Neue Ausstellung im BildungsTURM vom 1. Juli bis 17.09.2017.


Die Oasenstadt Palmyra war in der Antike ein Zentrum des Fernhandels zwischen China, Indien und dem Römischen Reich. Ihre phantastisch erhaltenen Tempel, Säulenstraßen und Grabanlagen inmitten der Wüstensteppe machten sie zum Ziel zahlreicher wissenschaftlicher Untersuchungen und zum Höhepunkt jeder Syrienreise.

 

 

 

Im Mai 2015 eroberte die Terrormiliz Daesh (IS) die Oase und sprengte die von der UNESCO zum Weltkulturerbe erhobenen Ruinen öffentlichkeitswirksam in die Luft. Palmyra teilt mit der Zerstörung das Schicksal der Buddhastatuen von Bamian, der Heiligengräber von Timbuktu und der Altstadt von Aleppo und ist so zum Inbegriff der Gefährdung des kulturellen Erbes der Menschheit geworden. Doch wie soll man mit der Zerstörung umgehen? Welche Möglichkeiten eines (virtuellen) Wiederaufbaus gibt es?

 

Diesen Fragen widmet sich die hochaktuelle Ausstellung „Rebuild Palmyra?" Mit Unterstützung innovativer digitaler Medien führt die Ausstellung in die Geschichte der Stadt, ihrer Kultur und ihrer Handelskontakte von ihrer Gründung bis zur Sprengung der Ruinen durch den Daesh ein. Virtual Reality-Stationen und 3D-Rekonstruktionen bieten den Besucherinnen und Besuchern die Chance, sich zwischen den antiken Bauten, ihren Ruinen und dem momentanen Zerstörungszustand hin- und her zu bewegen. Dabei möchte die Ausstellung die Besucherinnen und Besucher aktiv und spielerisch in die Diskussion über den Umgang mit dem Weltkulturerbe einbeziehen.

 

Die Ausstellung wurde von Studierenden der Architektur, Geschichte, Informatik und Kommunikationsdesign der Universität und der Hochschule Konstanz (HTWG) unter Leitung der Professoren Stefan R. Hauser, Harald Reiterer (beide Universität Konstanz) und Eberhard Schlag (HTWG) konzipiert und umgesetzt.
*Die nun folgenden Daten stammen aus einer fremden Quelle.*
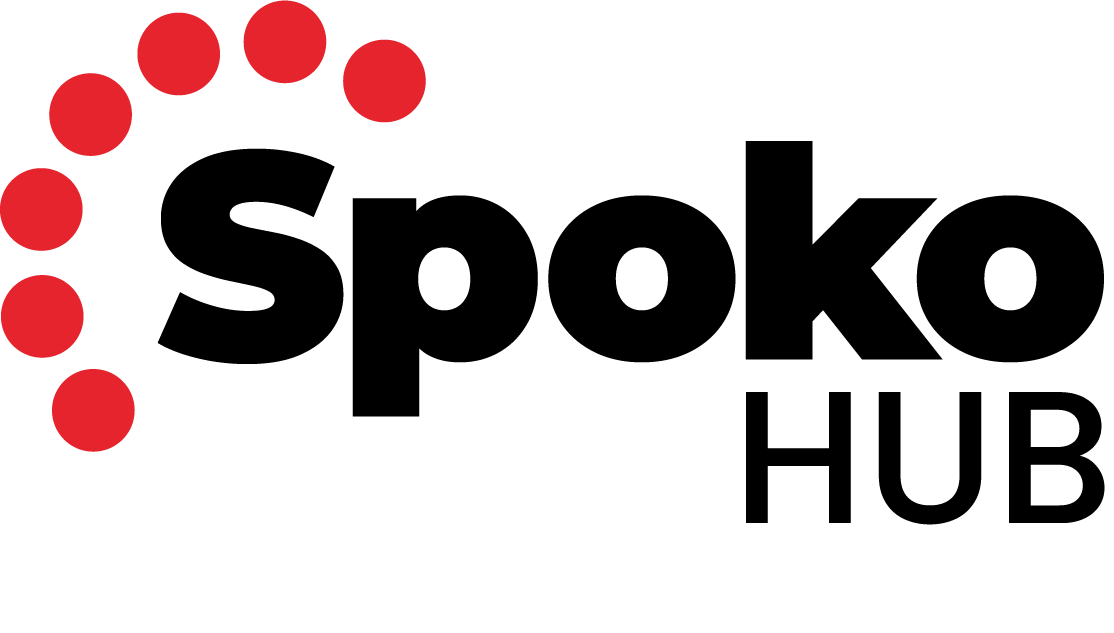 A handwritten note on a white paper with a red dot pattern in the top left corner.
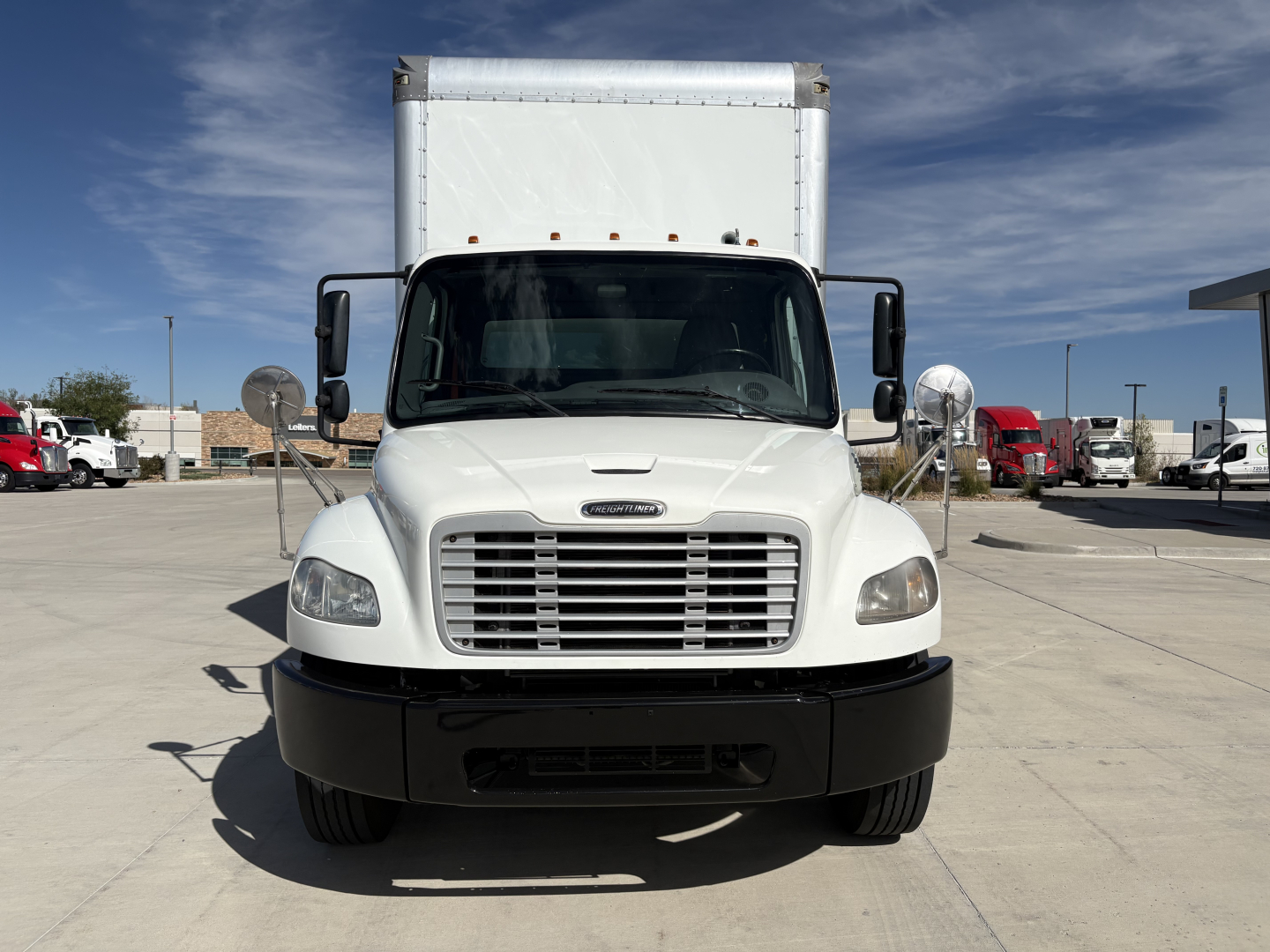 Front view of a white Freightliner M2-106 box truck showing grille, headlights, and large cargo box.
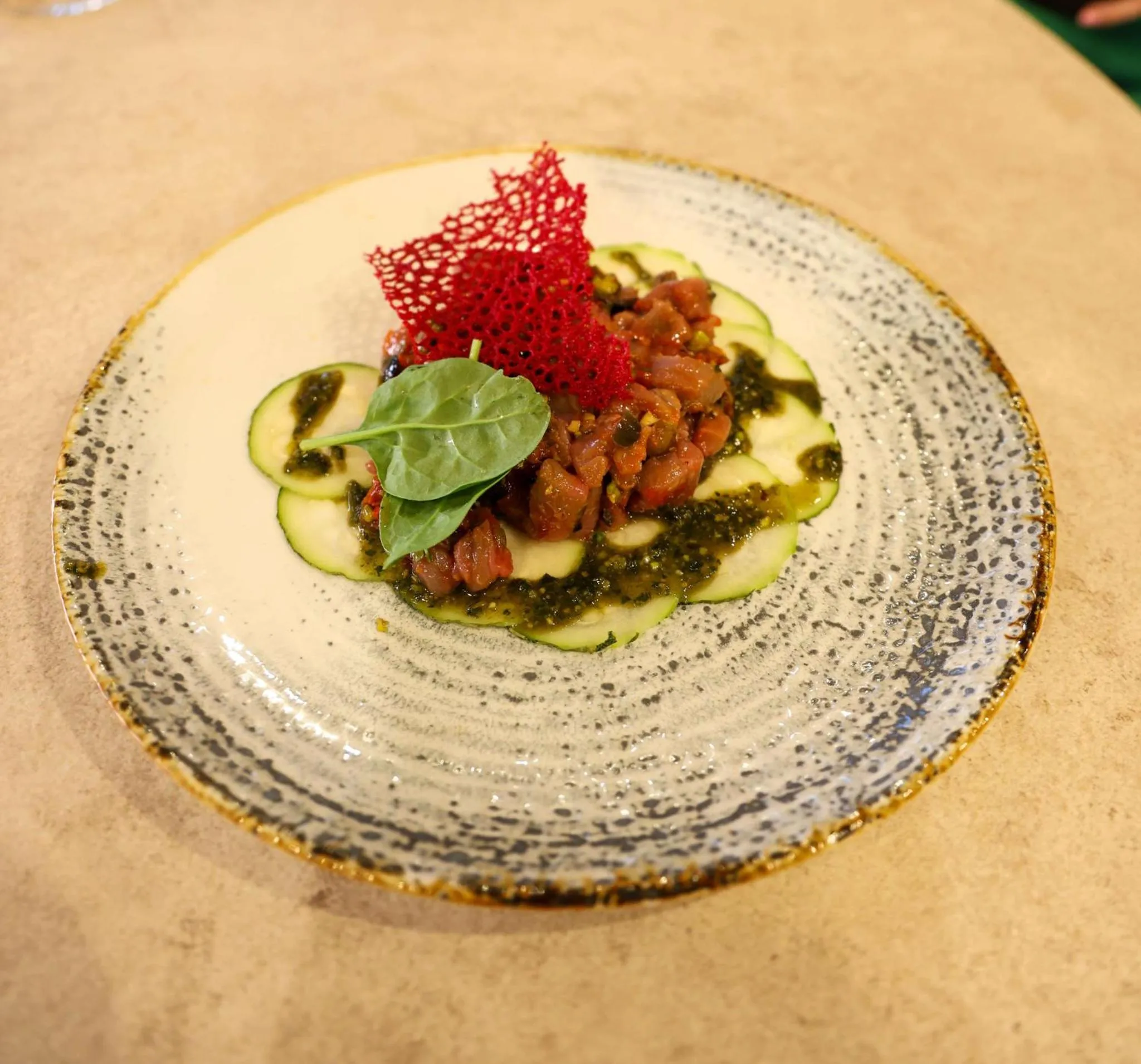 Assiette ornée d'une préparation culinaire à base de poisson cru, de légumes et d'une sauce verte.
Stefan R. Hauser: „Was die Studierenden hier geleistet haben, ist wirklich beeindruckend. Sie haben es geschafft, ein hochkomplexes Archäologie, Kultur und Politik verknüpfendes Thema auf ungemein kreative Weise nicht nur verständlich darzustellen, sondern auch den Besuchern eine Menge zum Nachdenken mit auf den Weg zu geben: Wie sollen wir mit bedrohtem oder gar zerstörtem Kulturerbe umgehen?"

 

Die Ausstellung wird begleitet von Führungen und Vorträgen; außerdem wurde ein Vermittlungsangebot für die Schulen der Region erarbeitet. Ein Begleitband ergänzt die Ausstellung.

 

Das Amt für Schulen, Bildung und Wissenschaft der Stadt Konstanz ist Kooperationspartner.

 


BildungsTURM, Kulturzentrum am Münster, Wessenbergstr. 43, Konstanz

01.07. - 17.09.2017 „Rebuild Palmyra? Zukunft eines umkämpften Welterbes"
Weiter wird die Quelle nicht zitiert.